001koto(写真は風俗博物館2001年展示「春の遊び 蹴鞠」より、平安時代の代表的な絃楽器4種。一番右が筝です)
中国伝来の長胴チター属撥絃楽器。十三絃。「筝の琴(そうのこと)」とも言います。
古代は桐の部材を箱状に組み合わせて胴としましたが、その他は現代の筝(いわゆる“お琴”)と概ね同じだったようです。
絃は絹を縒り合わせたもので、奏者から見て遠い方の一~五絃が太緒(ふとお)、六~十絃が中緒(なかのお)、斗為巾(といきん。十一~十三絃)が細緒(ほそお)になります。
胴の輪郭はほぼ長方形で、大きさは嵯峨天皇の時代に全長六尺五寸(約197cm)と規定されました。

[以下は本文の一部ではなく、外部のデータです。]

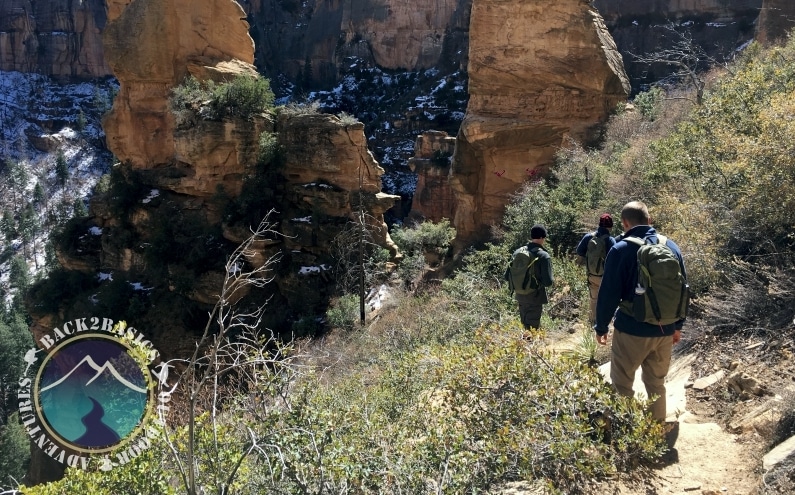 hiking Arizona winter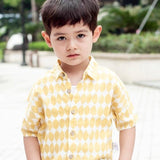 Yellow Collared Pentagon Tee | AIMAMA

各絃にひとつずつ琴柱を立て、その位置の調節で音の高さを定めます。
調弦の仕方によって、呂律いずれの演奏も可能だったようです。
演奏時は、奏者は頭部を右にして相対します。
平安文学でも筝の音色を「爪音」と表現することから、現代と同じく右手指に爪をはめて絃を弾いたと考えられますが、常に爪を用いたかどうかははっきりしません。
左手の奏法に「取由(とりゆ)」という絃を揺する手法があり、『源氏物語』にはその音色や手つきが風情あるものとして描写されています。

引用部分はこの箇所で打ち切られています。